Abstract: There is an ever-increasing trend in the wire & cable industry to become more sustainable. There are many different aspects of sustainability. For example, one approach has been incorporation of post-consumer recycled (PCR) plastic as a partial or complete replacement of the virgin polyethylene resins for fiber optic cable jackets. Previous work has shown that jacketing compounds based entirely on PCR feedstock are known to have wide variability in quality and can be deficient on some key properties such as long-term aging performance. The focus of this work was to evaluate performance and determine feasibility of jacket compounds based on PCR and blends with high quality virgin polyethylene resins.
Blends with virgin polyethylene resin enhanced the mechanical properties and environmental stress crack resistance (ESCR) of the PCR compound for jacket applications. The results from this study found that up to 50 weight percent PCR could be incorporated into virgin polyethylene as in the case with the enhanced resins, and the resulting compound meets most critical telecommunication jacket application requirements. Alternatively, low levels of high performance and quality polyethylene resin could be utilized in a compound of majority PCR to boost the mechanical, ESCR, and thermal aging resistance for certain applications allowing a balance of sustainability by maximizing recycled content and maintaining performance.

About the Presenter: Dr.

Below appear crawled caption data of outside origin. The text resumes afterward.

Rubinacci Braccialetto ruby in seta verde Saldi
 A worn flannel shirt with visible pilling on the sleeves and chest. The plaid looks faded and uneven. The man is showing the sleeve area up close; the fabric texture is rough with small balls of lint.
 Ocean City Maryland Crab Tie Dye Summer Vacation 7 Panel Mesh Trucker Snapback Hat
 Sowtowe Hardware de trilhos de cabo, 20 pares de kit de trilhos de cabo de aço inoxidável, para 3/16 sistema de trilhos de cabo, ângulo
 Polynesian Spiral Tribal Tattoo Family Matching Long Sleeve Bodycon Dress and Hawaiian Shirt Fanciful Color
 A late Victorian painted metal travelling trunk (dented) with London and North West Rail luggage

Paul Brigandi is Application Technology Leader for Dow Packaging & Specialty Plastics Wire & Cable business in North America based in Collegeville, PA. Paul has experience in the power transmission and distribution as well as telecommunication markets focused on research and development of new insulation, jacket, conductive composites, and polymer modifier material developments. His technical expertise includes formulation and processing of polyolefins, elastomers, and polymer composites. Paul is active in several industry organizations including Insulated Conductors Committee, Communications Cable and Connectivity Association, and Fiber Broadband Association technical committees. He also serves as 1st Vice President and on the Board of Directors of the Society of Plastics Engineers Palisades-MidAtlantic Section. Paul earned a Ph.D. in Polymer Science and Engineering from Lehigh University and a B.S. in Chemical Engineering from the University of Delaware. He is also an active Adjunct Professor at Lehigh University in the Material Science & Engineering department.